Whisper Transcript | Transcript Only Page

00:00:00.000 | (upbeat music)
00:00:02.580 | Vince writes in to ask this, hello Pastor John,
00:00:08.320 | I'm a farmer here in Indiana,
00:00:10.200 | and I have greatly enjoyed your app
00:00:12.160 | while I put in long hours in bringing in the harvest.
00:00:15.880 | That's wonderful to hear.
00:00:17.480 | Would you comment on Paul's encouragement
00:00:19.760 | that New Testament churches greet one another
00:00:22.000 | with a holy kiss?
00:00:23.880 | See Romans 16.16, 1 Corinthians 16.20,
00:00:29.040 | 2 Corinthians 13.12, and 1 Thessalonians 5.26.
00:00:34.040 | It may have been a cultural practice of the day,
00:00:37.760 | but even if the practice has passed away,
00:00:39.600 | is there any contemporary relevance for us today
00:00:42.680 | to take out of it?
00:00:43.700 | So yes, Paul four times tells the church,
00:00:48.360 | the Romans, Corinthians, Thessalonians
00:00:50.320 | to greet one another with a holy kiss.
00:00:54.600 | And Peter says to greet one another with kiss of love.
00:00:59.060 | And I would say that has at least three implications for us.
00:01:05.120 | First, let's do it.
00:01:07.560 | I mean, even if the hug and the handshake today
00:01:11.640 | in my culture, more common among Christians in the West,
00:01:16.640 | as I know them, at least it seems to me
00:01:22.880 | that we don't have to be resistant to learning something
00:01:27.760 | from other cultures and places and times.

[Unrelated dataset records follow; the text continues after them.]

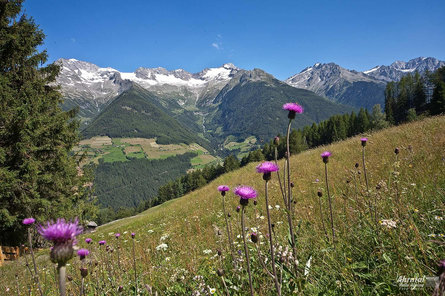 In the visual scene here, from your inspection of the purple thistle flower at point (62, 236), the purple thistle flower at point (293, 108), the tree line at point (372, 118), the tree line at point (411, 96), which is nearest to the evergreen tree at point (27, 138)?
the purple thistle flower at point (62, 236)

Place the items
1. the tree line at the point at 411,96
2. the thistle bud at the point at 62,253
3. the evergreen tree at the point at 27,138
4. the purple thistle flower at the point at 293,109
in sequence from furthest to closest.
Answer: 1. the tree line at the point at 411,96
2. the evergreen tree at the point at 27,138
3. the purple thistle flower at the point at 293,109
4. the thistle bud at the point at 62,253

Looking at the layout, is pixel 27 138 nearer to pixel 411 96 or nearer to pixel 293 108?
pixel 293 108

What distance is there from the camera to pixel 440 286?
3.01 ft

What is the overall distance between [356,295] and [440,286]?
39.5 inches

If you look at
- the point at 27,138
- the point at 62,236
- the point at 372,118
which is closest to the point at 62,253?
the point at 62,236

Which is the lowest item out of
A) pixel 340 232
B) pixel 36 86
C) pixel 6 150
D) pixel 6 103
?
pixel 340 232

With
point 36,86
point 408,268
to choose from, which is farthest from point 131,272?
point 36,86

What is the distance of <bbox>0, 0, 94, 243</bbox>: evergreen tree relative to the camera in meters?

00:01:31.040 | We might do well to broaden
00:01:34.560 | our possible expressions of affection.
00:01:37.380 | It doesn't seem to me that Paul and Peter tell the church
00:01:42.240 | to greet one another with a holy kiss,
00:01:44.960 | meaning you dare not even see one another
00:01:49.920 | without kissing one another.

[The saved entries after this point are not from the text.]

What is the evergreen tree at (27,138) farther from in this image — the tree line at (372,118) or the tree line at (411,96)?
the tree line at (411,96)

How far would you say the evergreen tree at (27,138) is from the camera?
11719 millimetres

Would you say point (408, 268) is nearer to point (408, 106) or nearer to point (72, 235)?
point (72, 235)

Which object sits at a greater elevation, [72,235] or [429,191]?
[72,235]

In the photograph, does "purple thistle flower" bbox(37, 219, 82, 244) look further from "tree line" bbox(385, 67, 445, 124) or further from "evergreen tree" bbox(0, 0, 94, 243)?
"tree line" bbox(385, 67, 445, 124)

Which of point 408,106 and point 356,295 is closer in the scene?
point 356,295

00:01:51.980 | It's not that kind of rule.
00:01:54.880 | You know, like if you walk out of this room
00:01:57.000 | while we're having tea and you walk back into the room,
00:02:01.200 | I need to greet you with a kiss.
00:02:02.920 | Or if I see you between classes at nine, I need to kiss you.
00:02:07.920 | And if I see you after that class
00:02:10.760 | as we're walking down the hall, I need to kiss you again.
00:02:14.360 | Paul and Peter were not prescribing that kind of precision.
00:02:20.080 | They were saying, take the physical, familial expression
00:02:25.080 | of endearment and use it in a way that is holy
00:02:30.660 | to express your love for one another.
00:02:34.500 | And he didn't prescribe that it had to be done
00:02:36.700 | every single time you see one another fresh
00:02:39.500 | for the full time.
00:02:40.420 | He just said, use it, use it, do it.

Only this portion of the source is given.